Instructions for the task: Print, please, the line that contains "Klembord met checklist" and each line after it to the end of the entries, unchanged and with nothing else.

·····

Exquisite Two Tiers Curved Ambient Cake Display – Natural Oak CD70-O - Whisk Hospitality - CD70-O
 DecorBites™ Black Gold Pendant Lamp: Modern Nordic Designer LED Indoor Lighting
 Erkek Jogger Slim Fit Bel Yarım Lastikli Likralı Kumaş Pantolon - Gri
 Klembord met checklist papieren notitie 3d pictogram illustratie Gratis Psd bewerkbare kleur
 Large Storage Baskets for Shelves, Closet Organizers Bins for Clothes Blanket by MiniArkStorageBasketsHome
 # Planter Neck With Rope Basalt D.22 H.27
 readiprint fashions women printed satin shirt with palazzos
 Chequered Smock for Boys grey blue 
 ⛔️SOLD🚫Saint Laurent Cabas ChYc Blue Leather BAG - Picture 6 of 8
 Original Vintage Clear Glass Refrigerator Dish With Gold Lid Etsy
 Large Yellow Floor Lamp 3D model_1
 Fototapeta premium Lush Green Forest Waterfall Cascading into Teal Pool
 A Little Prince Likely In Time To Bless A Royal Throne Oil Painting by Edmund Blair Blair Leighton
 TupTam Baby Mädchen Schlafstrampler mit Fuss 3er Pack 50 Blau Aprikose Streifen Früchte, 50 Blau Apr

·····

Task answer:
 Klembord met checklist papieren notitie 3d pictogram illustratie Gratis Psd bewerkbare kleur
 Large Storage Baskets for Shelves, Closet Organizers Bins for Clothes Blanket by MiniArkStorageBasketsHome
 # Planter Neck With Rope Basalt D.22 H.27
 readiprint fashions women printed satin shirt with palazzos
 Chequered Smock for Boys grey blue 
 ⛔️SOLD🚫Saint Laurent Cabas ChYc Blue Leather BAG - Picture 6 of 8
 Original Vintage Clear Glass Refrigerator Dish With Gold Lid Etsy
 Large Yellow Floor Lamp 3D model_1
 Fototapeta premium Lush Green Forest Waterfall Cascading into Teal Pool
 A Little Prince Likely In Time To Bless A Royal Throne Oil Painting by Edmund Blair Blair Leighton
 TupTam Baby Mädchen Schlafstrampler mit Fuss 3er Pack 50 Blau Aprikose Streifen Früchte, 50 Blau Apr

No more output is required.